Can someone explain to me when Alicia Silverstone’s brain began to malfunction? If you stay too long in the monkey house you’ll stop smelling the shit. And Silverstone is clearly parked inside that monkey house. In defense of feeding her son in a mouth-to-mouth fashion, Silverstone said, “People have been feeding their kids that way for thousands for years, and I didn’t think I was inventing anything.” Did she seriously use tradition to justify her deplorable behavior? Perhaps she should wipe her ass with leaves too. To call it disturbing would be a drastic understatement.

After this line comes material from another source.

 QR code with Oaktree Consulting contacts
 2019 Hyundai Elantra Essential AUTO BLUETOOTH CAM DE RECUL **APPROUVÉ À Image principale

Here’s the only thing I know about football: both the players and the fans are certifiably insane. The players run around a big green field in tights and give each other congratulatory slaps on the ass. They also tackle each other to the ground and then subsequently lay there together for what can only be assumed is a borderline spooning session. As for the fans, they yell very loud at the television while eating greasy foods and pretending as if anything they are saying can actually be heard by the people inside that electronic box. So what’s the impetus behind my Dishmaster-football-rant? Tom Cruise’s son, Connor Cruise, is in trouble for a tweet he wrote in response to his rep’s gloating tweet about the Patriots’ loss, which served to inflate his aforementioned fan-insanity. Connor said, “That was a gay ass f**king tweet… U don’t say s**t like that about my team the second they lose. Low.” The rep subsequently dropped Connor as a client and then sent out emails calling him, “highly offensive, homophobic, and less than respectful.” I have some of my own words for Mr. Todd Krim (the rep in question). First, if you are going to taunt a kid on twitter after his team loses, then you have already crossed the lines of your professional relationship. Second, only a five year old child sends out emails to his colleagues in hopes of getting your client blacklisted in the industry over one comment. And third, using the word “gay” to describe dislike has not yet been universally disavowed in the same way as the F-Word or N-word. Yes, it’s bad and should not be used. But it doesn’t justify trying to trash this kid’s career in it’s entirety. The only child in this situation is Mr. Krim.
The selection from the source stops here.